» **Data under study**
■ ■ ■ ■

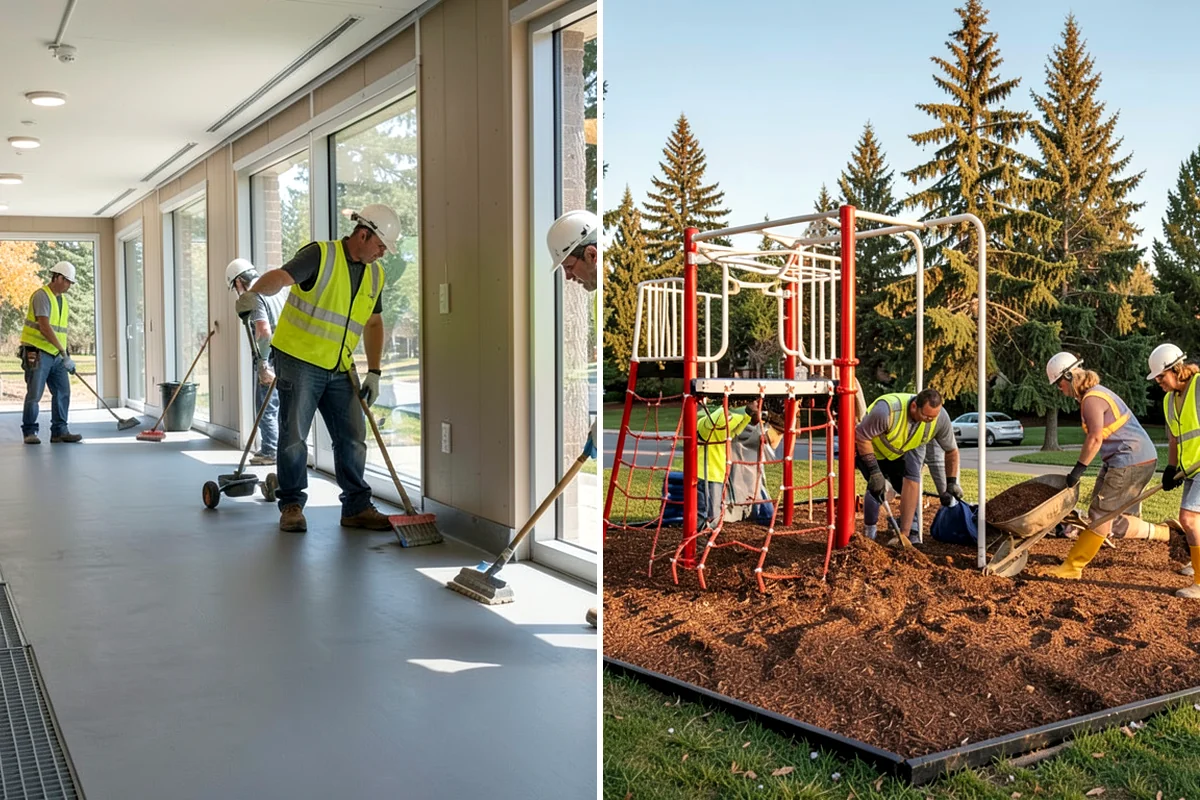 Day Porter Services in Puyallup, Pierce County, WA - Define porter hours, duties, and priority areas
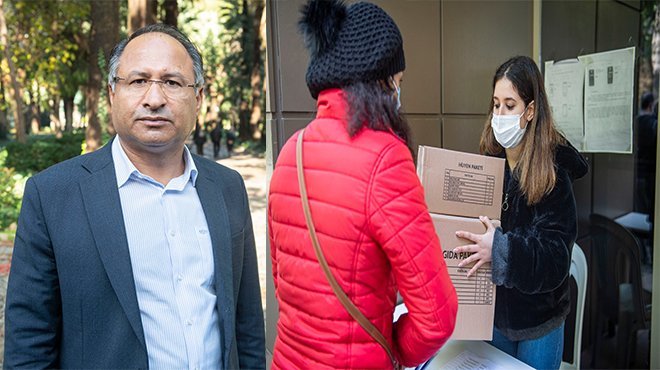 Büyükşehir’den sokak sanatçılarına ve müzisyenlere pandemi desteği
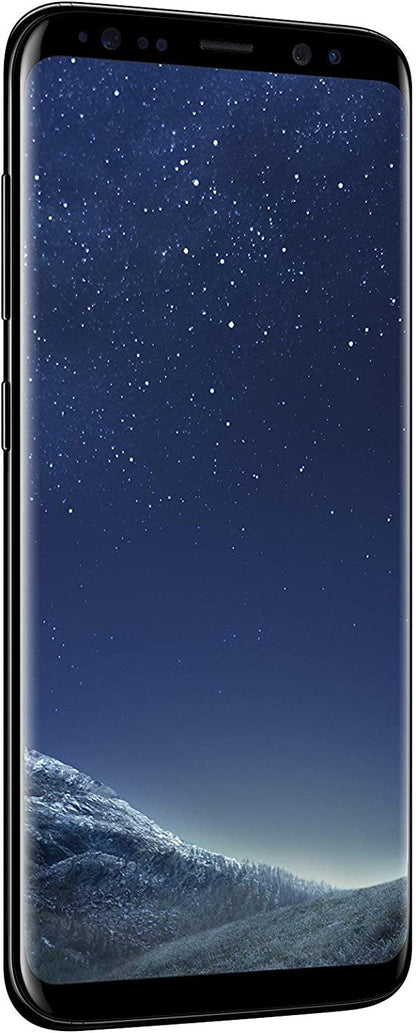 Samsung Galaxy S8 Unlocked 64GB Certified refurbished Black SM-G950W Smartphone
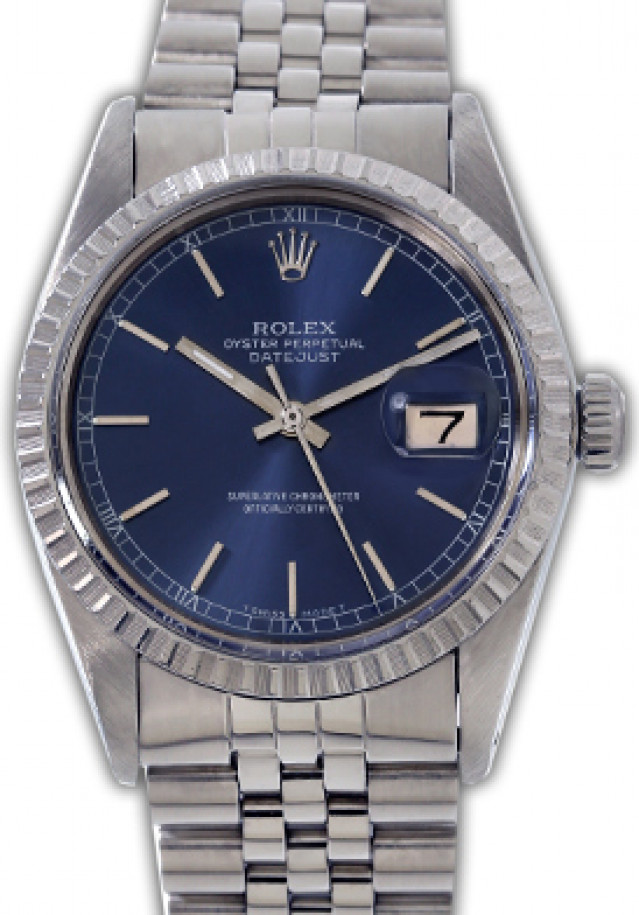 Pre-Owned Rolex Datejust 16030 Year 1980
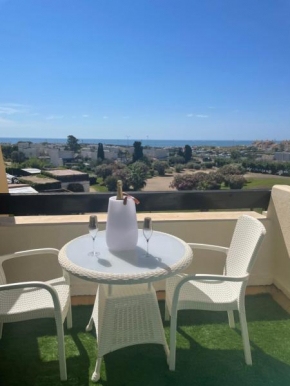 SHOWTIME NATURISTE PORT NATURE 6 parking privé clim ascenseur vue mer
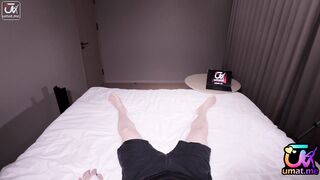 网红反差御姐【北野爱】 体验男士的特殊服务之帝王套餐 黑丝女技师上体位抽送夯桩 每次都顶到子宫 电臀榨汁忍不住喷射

■ ■ ■ ■

Please restate the data word for word, leaving out any picture it holds.

 Day Porter Services in Puyallup, Pierce County, WA - Define porter hours, duties, and priority areas
 Büyükşehir’den sokak sanatçılarına ve müzisyenlere pandemi desteği
 Samsung Galaxy S8 Unlocked 64GB Certified refurbished Black SM-G950W Smartphone
 Pre-Owned Rolex Datejust 16030 Year 1980
 SHOWTIME NATURISTE PORT NATURE 6 parking privé clim ascenseur vue mer
 网红反差御姐【北野爱】 体验男士的特殊服务之帝王套餐 黑丝女技师上体位抽送夯桩 每次都顶到子宫 电臀榨汁忍不住喷射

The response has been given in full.